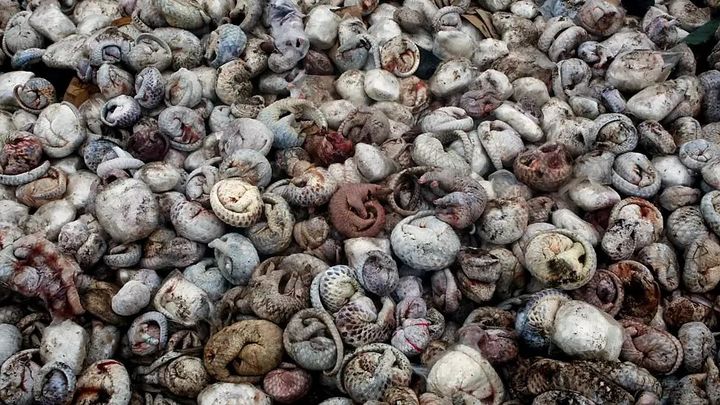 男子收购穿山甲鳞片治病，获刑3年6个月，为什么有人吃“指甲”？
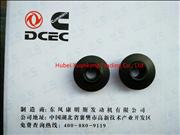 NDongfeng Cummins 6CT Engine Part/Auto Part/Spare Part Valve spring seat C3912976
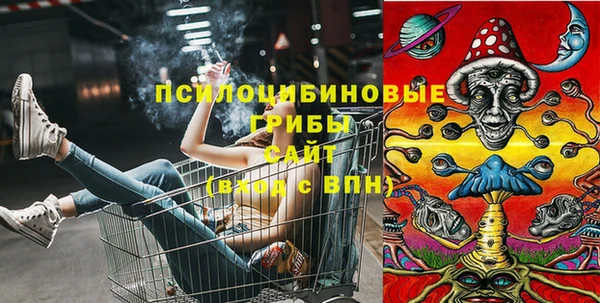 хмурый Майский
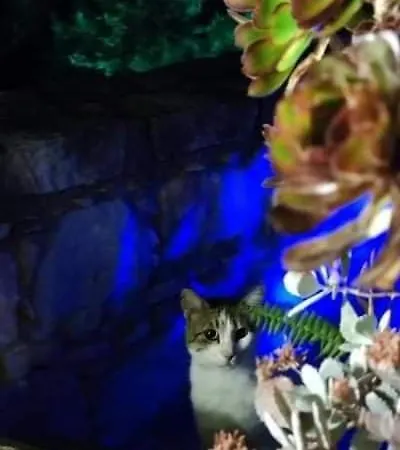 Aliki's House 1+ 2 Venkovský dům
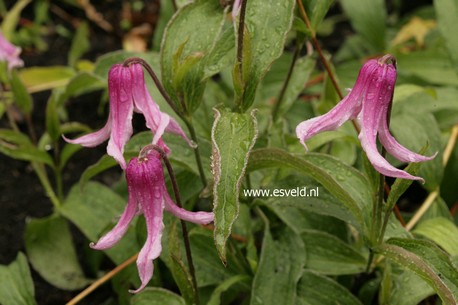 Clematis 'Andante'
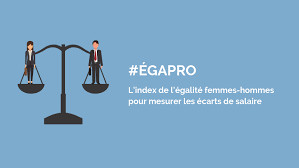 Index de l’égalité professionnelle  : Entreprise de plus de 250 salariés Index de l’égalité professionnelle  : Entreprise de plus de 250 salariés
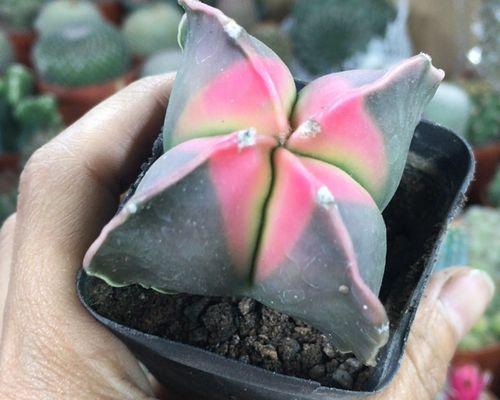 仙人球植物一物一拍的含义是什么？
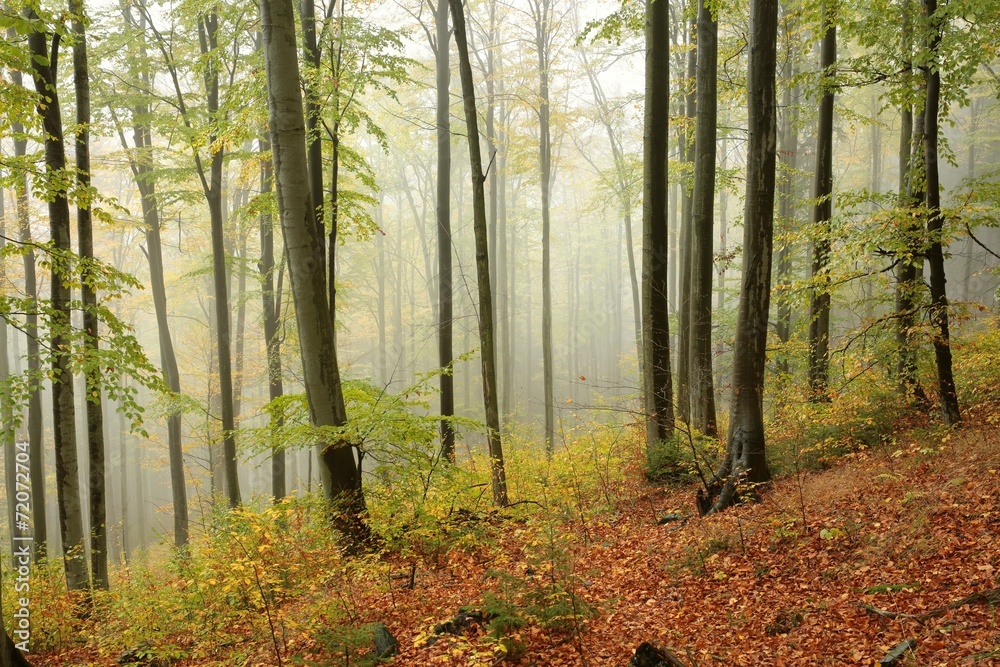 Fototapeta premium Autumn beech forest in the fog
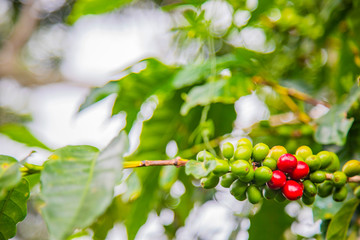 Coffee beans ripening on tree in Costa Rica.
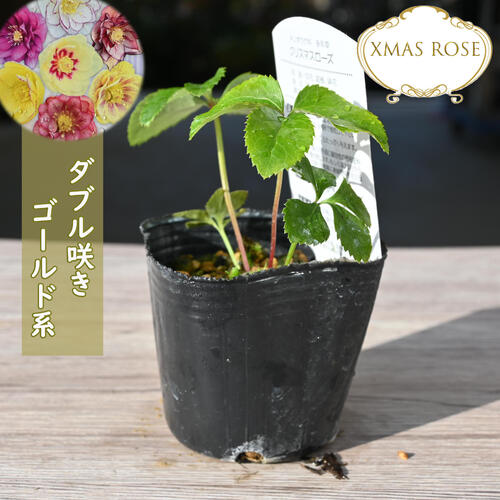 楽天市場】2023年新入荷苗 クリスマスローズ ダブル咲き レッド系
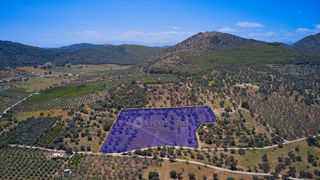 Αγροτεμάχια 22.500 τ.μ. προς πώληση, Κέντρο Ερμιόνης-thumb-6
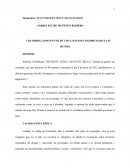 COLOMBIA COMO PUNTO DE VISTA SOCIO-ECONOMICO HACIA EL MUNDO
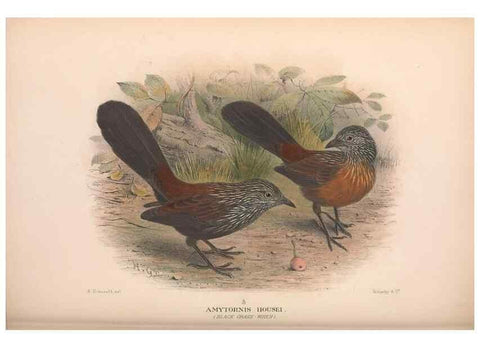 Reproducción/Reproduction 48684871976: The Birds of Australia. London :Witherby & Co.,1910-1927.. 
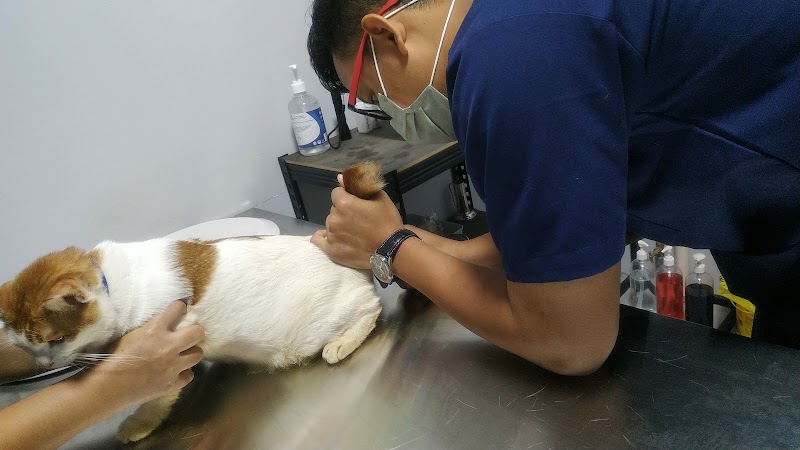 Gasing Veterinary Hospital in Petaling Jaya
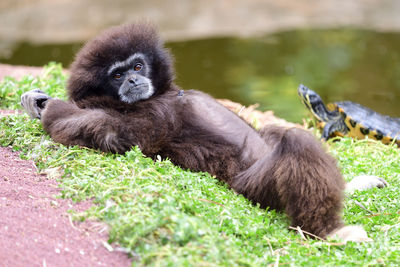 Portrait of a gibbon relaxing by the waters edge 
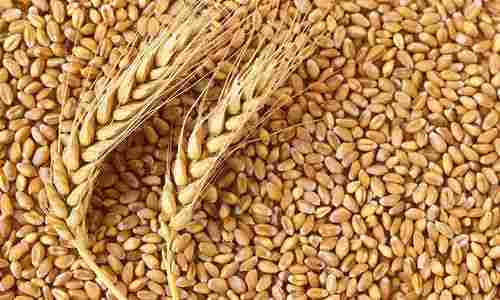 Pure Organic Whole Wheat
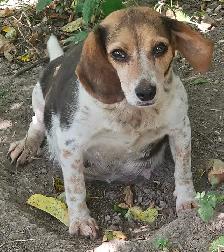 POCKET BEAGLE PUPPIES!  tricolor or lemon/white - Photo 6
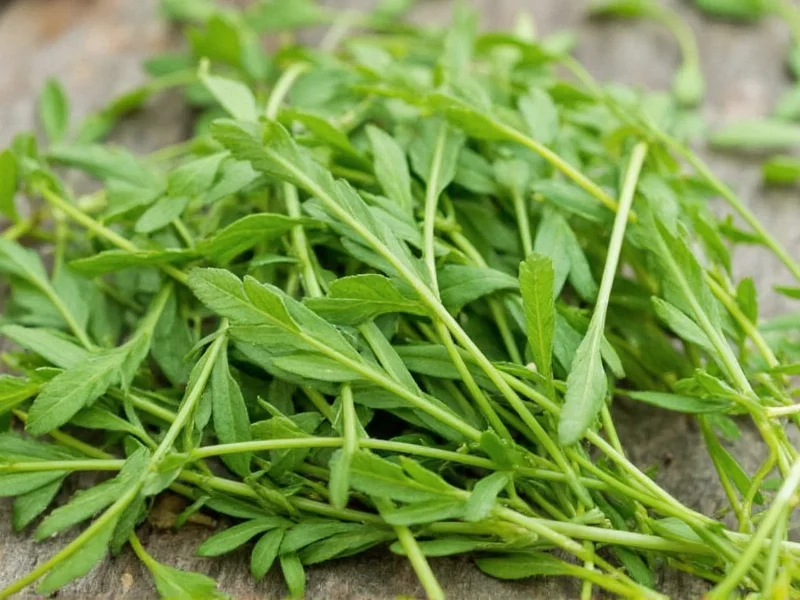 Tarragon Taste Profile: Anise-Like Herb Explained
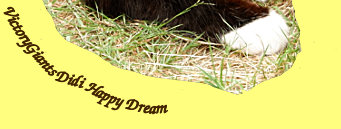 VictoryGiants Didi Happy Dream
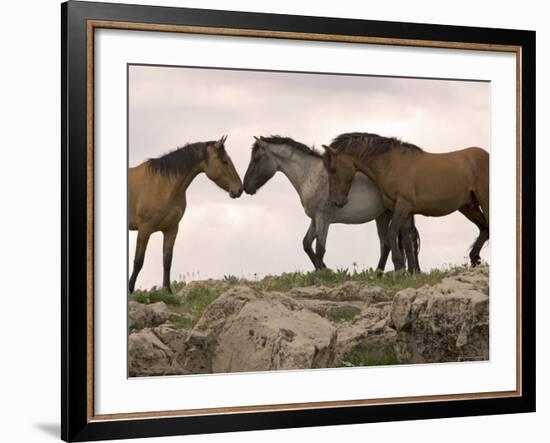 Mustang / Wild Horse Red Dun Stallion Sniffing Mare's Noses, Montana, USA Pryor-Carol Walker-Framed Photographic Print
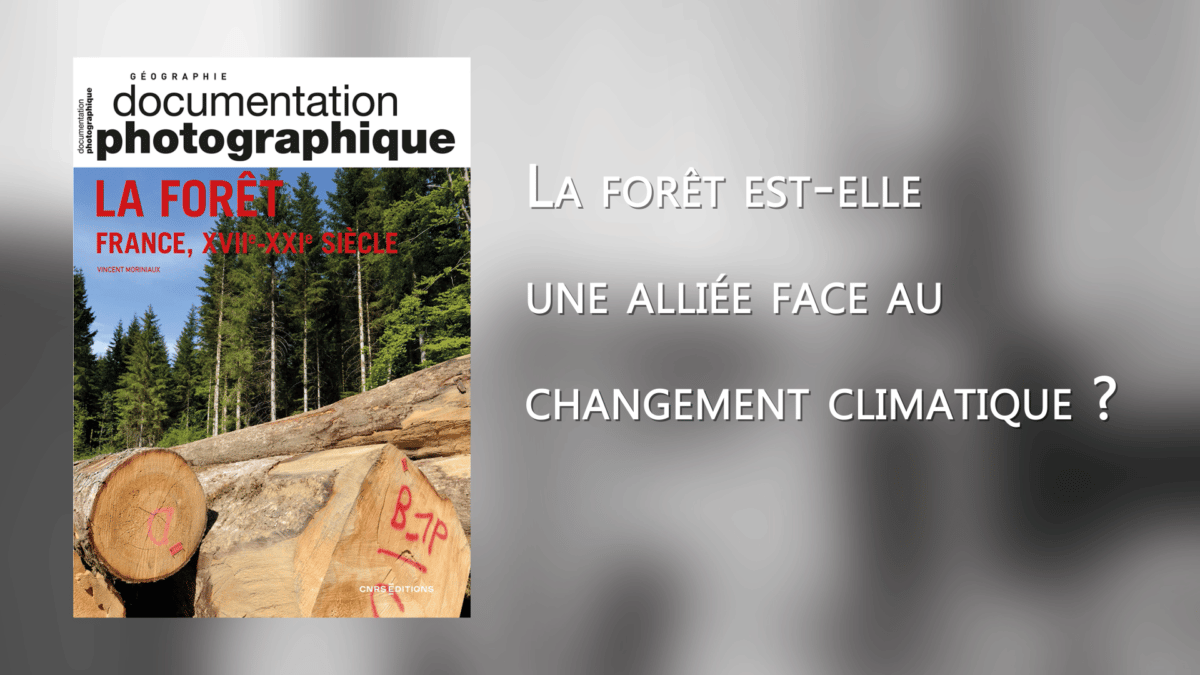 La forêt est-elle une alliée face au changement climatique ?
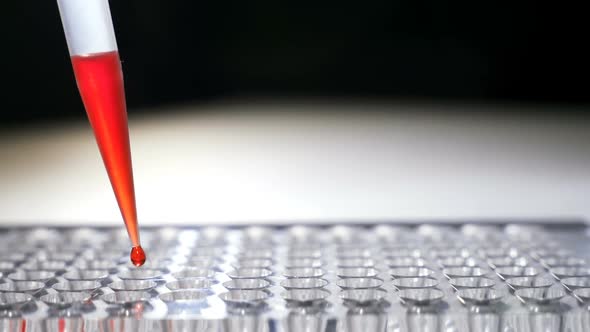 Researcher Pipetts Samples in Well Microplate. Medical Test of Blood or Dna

·····

* _WORK ITEM_
I need the lines from the one containing "Αγροτεμάχια 22.500 τ.μ." through the end of the records retyped exactly, with the pictures left out.

* _TASK SOLUTION_
 Αγροτεμάχια 22.500 τ.μ. προς πώληση, Κέντρο Ερμιόνης-thumb-6
 COLOMBIA COMO PUNTO DE VISTA SOCIO-ECONOMICO HACIA EL MUNDO
 Reproducción/Reproduction 48684871976: The Birds of Australia. London :Witherby & Co.,1910-1927.. 
 Gasing Veterinary Hospital in Petaling Jaya
 Portrait of a gibbon relaxing by the waters edge 
 Pure Organic Whole Wheat
 POCKET BEAGLE PUPPIES!  tricolor or lemon/white - Photo 6
 Tarragon Taste Profile: Anise-Like Herb Explained
 VictoryGiants Didi Happy Dream
 Mustang / Wild Horse Red Dun Stallion Sniffing Mare's Noses, Montana, USA Pryor-Carol Walker-Framed Photographic Print
 La forêt est-elle une alliée face au changement climatique ?
 Researcher Pipetts Samples in Well Microplate. Medical Test of Blood or Dna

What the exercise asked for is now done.